# Problem to work on:
The lines to be extracted begin at the line containing "リリ(Rili)/深爪矯正/自爪育成" and end at the last line of the data below; copy them exactly and leave out the pictures.

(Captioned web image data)
= = = = =
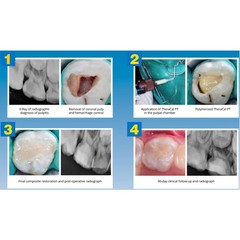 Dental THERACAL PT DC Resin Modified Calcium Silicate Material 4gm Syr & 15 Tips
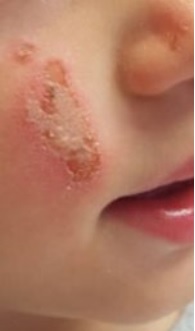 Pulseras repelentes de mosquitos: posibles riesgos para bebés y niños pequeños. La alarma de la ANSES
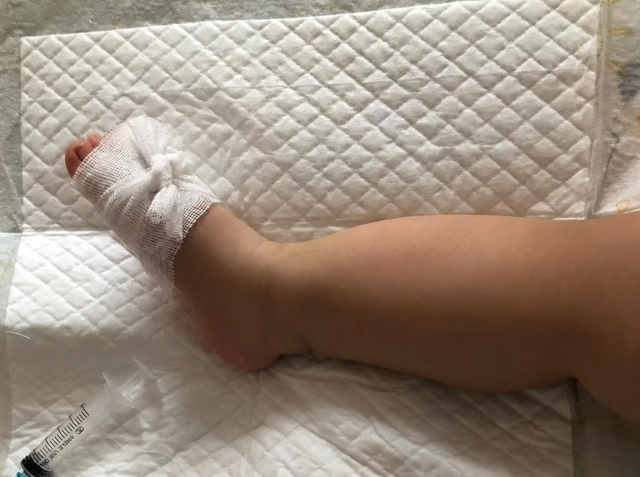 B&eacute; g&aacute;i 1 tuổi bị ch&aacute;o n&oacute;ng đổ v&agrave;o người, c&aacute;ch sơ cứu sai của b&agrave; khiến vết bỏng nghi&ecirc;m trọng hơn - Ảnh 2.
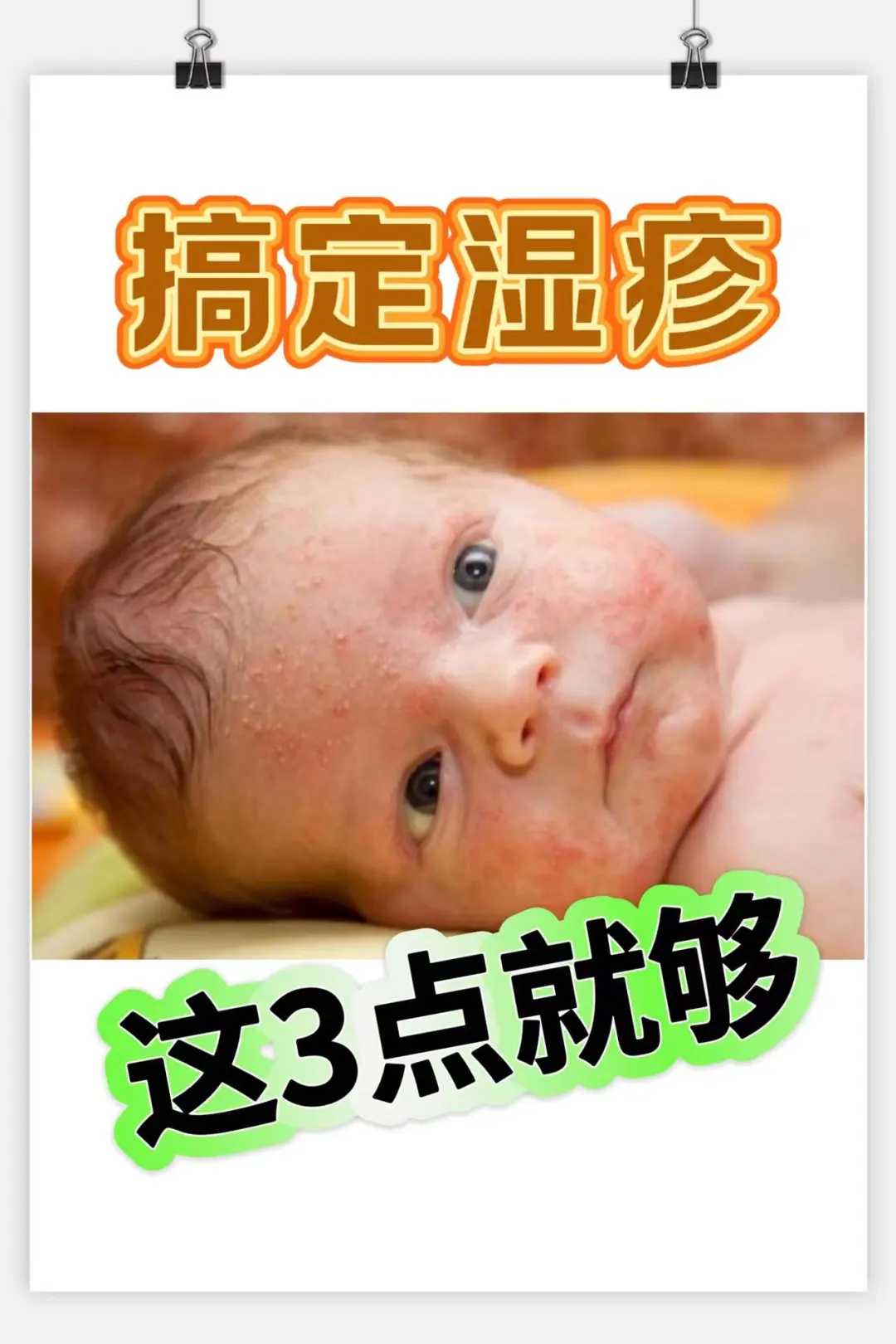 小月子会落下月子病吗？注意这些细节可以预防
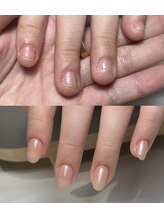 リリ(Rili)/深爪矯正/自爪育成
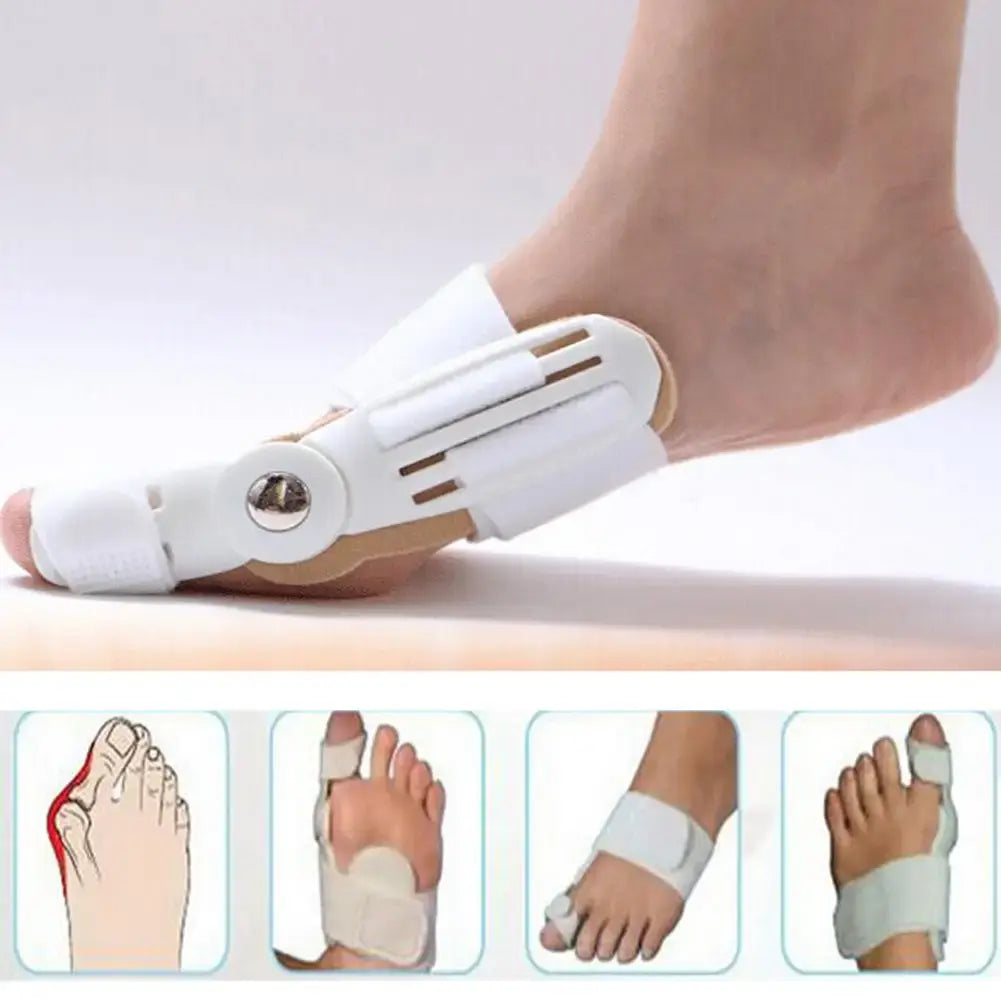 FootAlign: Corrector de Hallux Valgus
= = = = =
# Task answer:
 リリ(Rili)/深爪矯正/自爪育成
 FootAlign: Corrector de Hallux Valgus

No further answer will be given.